「桜のトンネル」台風で9割被害 京都の名所「背割堤」

満開になり見頃を迎えた背割堤のソメイヨシノ。左は木津川=2017年4月10日、京都府八幡市(寺口純平撮影)
満開になり見頃を迎えた背割堤のソメイヨシノ。左は木津川=2017年4月10日、京都府八幡市(寺口純平撮影)【拡大】

  • 満開を迎えた背割堤の桜並木=10日午後、京都府八幡市(寺口純平撮影)

 平成30年9月の台風21号で桜並木約240本の9割が被害を受けた花見の名所・背割堤(せわりてい)(京都府八幡市)をめぐり、桜の保護や苗木の植樹に活用しようと、八幡市や国土交通省淀川河川事務所などでつくる「背割堤さくらまつり」実行委員会が寄付を募っている。祭りは3月30日~4月7日の日程で今年も開催する予定で、担当者は「被害から立ち直る桜の姿を見てもらいたい」と話している。(小川恵里子)
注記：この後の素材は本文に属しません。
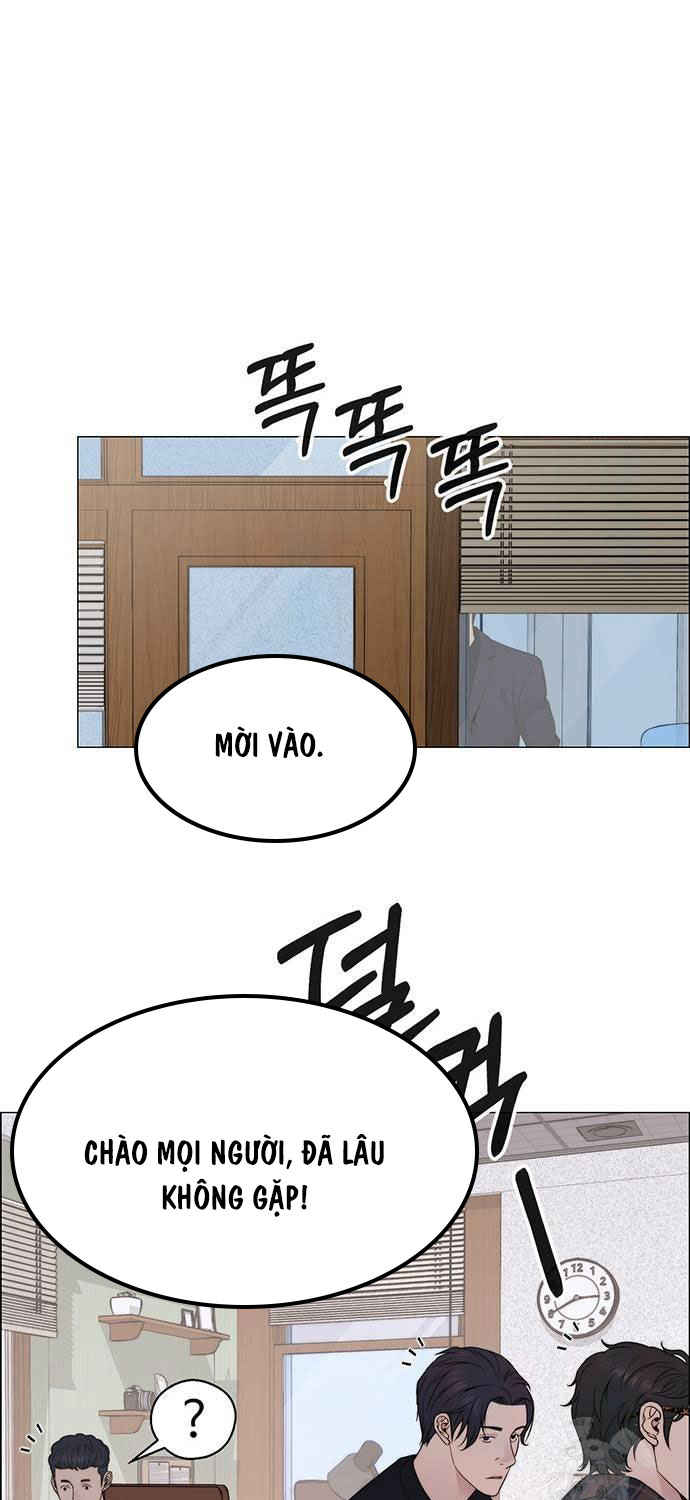 Người Đàn Ông Thực Thụ Chap 205 - Next Chap 206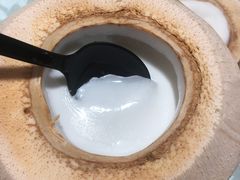 -范饭椰林川湘味海鲜·椰子鸡(三亚湾椰梦长廊店)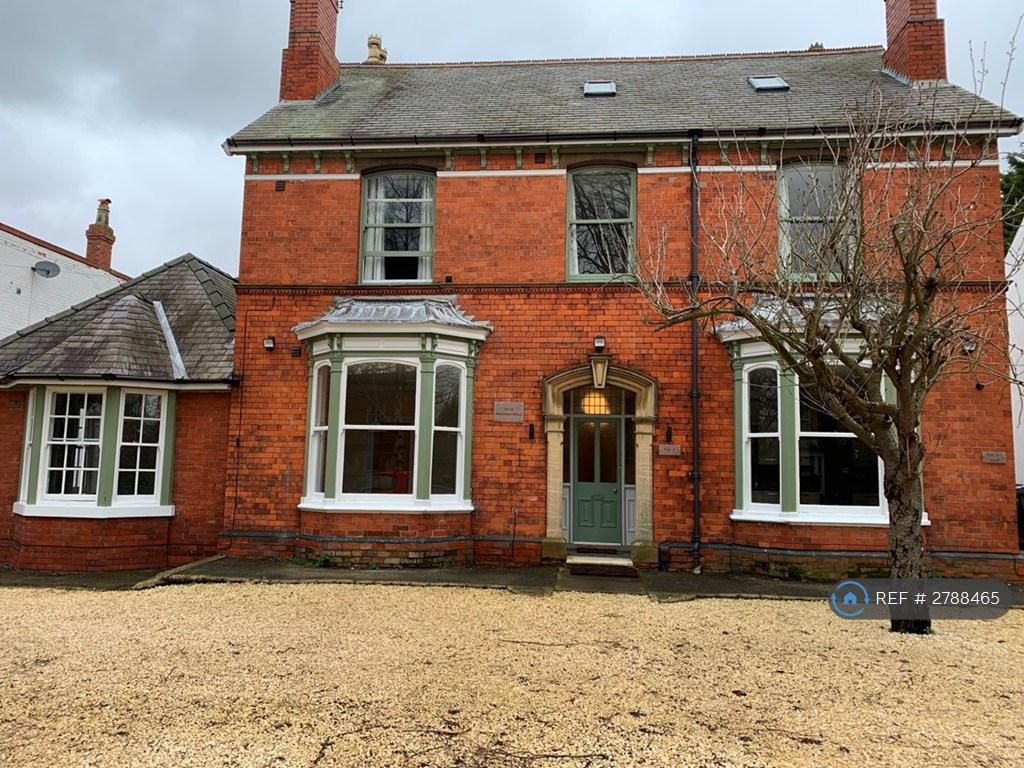 Off Road Parking, Unique Property, Big Kerb Appeal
 木津川と宇治川、桂川の合流点にある背割堤では、約1・4キロにわたり約240本のソメイヨシノが並び、満開となる4月上旬頃には名物の「桜のトンネル」を散策しようと毎年40万人以上が訪れる。

 しかし、台風21号により、約230本の枝が折れる被害を受け、うち約20本は根元から倒れるなどした。同事務所の担当者は「昭和53年の植栽以降、最大級の被害だった」。被害の大きさに、さくらまつり開催や残った桜の開花の可能性について問い合わせが相次いだ。

 背割堤は一部エリアを除き閉園され、折れた枝や木の撤去作業が終了した昨年11月に全面開園にこぎ着けた。さくらまつりについても「残った桜が頑張って咲いてくれるだろうし、中止という選択肢はなかった」(担当者)と正式に開催を決めた。

 さらに被害にあった桜の保護、育成や、新たな苗木の植樹費用などに充てるため、12月には「背割堤さくら保護・育成基金」を創設し、寄付を募りはじめた。

 倒木の切り株周辺など立ち入り禁止区間は現在も残ったままだが、被害を受けたソメイヨシノも回復に向かっており、すでに芽吹き始めた木もある。

 担当者は「桜の本数が減った分、これまでよりも全体のボリュームは小さくなるが、例年通りピンクの帯を楽しむことはできるのでは」と話す。

 基金への寄付は、背割堤近くの展望施設「さくらであい館」(075・633・5120)などで受け付けている。